Letters. Not addressed to anyone, but I can hear Ruby’s voice as my eyes scan the first line.
Well, darling, here we are.
“I took them out because I thought they must be to you, but I didn’t read them until last night. I couldn’t sleep, and after I read them, well … then I really couldn’t sleep.”
Pages and pages, written in Ruby’s careful, neat hand, all dated in the days just before she died.
I’ve never seen them before.
I don’t want to read them, I don’t want Ruby’s voice in my head, and I try to hand them back to Jules. “It doesn’t matter,” I tell her, but she patiently shoves the papers back at me, her hazel eyes imploring.
“It does, Cam,” she says softly. “I promise you.”
I’m exhausted, drained, but I sit on the edge of the bed, willing to humor her.
I read the first page, then the second. Three more, five more.
Page after page, confession after confession, Ruby’s familiar, chatty voice, and then all these nightmares, all this death. I feel heavy with it, weighed down with the knowledge of who this woman, the only mother I’d ever known, really was.

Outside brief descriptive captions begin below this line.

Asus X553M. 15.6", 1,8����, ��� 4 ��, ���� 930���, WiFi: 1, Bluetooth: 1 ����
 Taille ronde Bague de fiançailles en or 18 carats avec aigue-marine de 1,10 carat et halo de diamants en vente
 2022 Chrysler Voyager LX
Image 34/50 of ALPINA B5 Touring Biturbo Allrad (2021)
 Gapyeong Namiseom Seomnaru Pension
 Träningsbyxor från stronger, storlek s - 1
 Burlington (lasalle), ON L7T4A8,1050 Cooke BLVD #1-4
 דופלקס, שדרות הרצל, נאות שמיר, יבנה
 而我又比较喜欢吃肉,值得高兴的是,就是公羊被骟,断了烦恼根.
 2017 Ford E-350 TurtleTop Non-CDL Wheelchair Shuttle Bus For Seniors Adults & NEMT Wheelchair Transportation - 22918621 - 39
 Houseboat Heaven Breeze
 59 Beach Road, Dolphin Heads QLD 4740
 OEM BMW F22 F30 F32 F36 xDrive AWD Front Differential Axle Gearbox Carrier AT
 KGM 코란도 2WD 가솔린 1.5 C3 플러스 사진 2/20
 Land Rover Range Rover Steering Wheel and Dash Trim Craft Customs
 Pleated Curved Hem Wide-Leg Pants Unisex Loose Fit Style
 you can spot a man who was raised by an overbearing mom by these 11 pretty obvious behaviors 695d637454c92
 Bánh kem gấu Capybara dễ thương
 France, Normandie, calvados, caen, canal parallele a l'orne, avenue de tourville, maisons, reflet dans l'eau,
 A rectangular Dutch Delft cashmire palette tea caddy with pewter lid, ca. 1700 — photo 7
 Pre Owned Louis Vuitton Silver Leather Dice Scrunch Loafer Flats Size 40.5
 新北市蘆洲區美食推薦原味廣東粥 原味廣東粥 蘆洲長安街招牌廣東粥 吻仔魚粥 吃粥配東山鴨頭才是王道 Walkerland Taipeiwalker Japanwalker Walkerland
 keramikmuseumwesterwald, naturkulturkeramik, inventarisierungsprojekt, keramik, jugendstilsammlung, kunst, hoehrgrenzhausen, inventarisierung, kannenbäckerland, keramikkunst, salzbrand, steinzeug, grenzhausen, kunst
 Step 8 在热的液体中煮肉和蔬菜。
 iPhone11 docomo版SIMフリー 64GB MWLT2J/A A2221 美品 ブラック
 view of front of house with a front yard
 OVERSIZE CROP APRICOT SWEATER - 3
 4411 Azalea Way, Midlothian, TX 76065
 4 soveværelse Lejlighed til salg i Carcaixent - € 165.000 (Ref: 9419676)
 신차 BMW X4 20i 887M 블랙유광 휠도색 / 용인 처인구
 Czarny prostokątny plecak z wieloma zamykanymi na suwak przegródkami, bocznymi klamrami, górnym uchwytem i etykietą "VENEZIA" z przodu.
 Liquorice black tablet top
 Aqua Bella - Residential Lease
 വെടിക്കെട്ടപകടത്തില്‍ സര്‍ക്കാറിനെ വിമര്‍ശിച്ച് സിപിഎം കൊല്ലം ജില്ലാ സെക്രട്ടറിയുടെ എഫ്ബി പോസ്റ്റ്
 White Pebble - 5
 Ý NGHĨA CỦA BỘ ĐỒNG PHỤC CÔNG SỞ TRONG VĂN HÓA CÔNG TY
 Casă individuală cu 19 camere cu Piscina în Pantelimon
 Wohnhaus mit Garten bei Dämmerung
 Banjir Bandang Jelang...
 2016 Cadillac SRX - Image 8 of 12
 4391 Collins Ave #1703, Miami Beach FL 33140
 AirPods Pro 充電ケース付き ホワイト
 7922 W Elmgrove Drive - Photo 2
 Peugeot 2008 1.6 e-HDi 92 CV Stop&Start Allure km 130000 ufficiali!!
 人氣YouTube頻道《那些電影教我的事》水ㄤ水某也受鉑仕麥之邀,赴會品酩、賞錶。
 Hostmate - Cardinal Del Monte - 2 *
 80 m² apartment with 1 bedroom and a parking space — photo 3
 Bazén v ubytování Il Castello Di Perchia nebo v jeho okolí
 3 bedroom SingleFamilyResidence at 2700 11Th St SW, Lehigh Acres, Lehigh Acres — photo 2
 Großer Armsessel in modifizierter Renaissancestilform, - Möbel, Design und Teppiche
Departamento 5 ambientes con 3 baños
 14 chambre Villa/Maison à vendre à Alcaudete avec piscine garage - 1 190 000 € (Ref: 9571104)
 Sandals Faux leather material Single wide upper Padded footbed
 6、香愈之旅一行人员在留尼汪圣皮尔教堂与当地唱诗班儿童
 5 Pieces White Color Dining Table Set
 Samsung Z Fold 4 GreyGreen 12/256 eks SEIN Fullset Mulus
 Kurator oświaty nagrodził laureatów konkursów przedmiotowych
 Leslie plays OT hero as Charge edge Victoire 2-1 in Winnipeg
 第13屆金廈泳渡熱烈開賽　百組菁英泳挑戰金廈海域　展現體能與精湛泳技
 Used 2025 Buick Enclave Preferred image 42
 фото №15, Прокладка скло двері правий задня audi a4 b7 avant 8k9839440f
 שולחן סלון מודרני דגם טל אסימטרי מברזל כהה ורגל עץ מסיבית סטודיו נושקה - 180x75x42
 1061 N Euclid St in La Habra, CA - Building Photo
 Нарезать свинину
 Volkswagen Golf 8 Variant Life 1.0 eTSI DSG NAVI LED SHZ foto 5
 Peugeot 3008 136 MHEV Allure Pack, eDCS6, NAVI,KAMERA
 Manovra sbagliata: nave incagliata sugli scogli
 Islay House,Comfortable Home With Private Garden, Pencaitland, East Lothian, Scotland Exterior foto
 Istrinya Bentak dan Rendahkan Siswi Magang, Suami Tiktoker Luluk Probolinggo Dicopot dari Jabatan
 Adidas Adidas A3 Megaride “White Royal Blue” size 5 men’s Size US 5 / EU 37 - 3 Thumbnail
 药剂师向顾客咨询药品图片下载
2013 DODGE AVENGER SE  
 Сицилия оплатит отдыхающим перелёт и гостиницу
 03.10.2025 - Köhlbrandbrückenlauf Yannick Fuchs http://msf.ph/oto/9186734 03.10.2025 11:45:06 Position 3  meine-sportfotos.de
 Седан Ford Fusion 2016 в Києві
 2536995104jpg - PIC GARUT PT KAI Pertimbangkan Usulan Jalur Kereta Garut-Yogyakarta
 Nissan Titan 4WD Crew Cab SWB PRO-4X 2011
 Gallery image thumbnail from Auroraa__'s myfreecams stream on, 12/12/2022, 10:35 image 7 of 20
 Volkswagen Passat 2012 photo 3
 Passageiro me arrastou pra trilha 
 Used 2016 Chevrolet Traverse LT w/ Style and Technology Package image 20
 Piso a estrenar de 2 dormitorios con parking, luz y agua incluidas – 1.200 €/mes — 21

But right behind all of that?
Relief.
Because now I know. The rumors, the whispers, the secret Google searches at the library, the guilt for suspecting that the woman who raised me was a murderer making my palms sweat and my stomach ache.
All of it was true.
What’s more, I feel like I understand her better now. She did these things, and she wanted to tell me about them because I was her son, and she thought I deserved to know.
And then I get to the last letter and remember that nothing was ever that simple with Ruby.
CHAPTER SIXTEEN
Jules
I watch as Cam reads Ruby’s letters, waiting for him to say something, but when he’s finished, he just places the last page facedown on the growing stack beside him on the bed, his expression far away.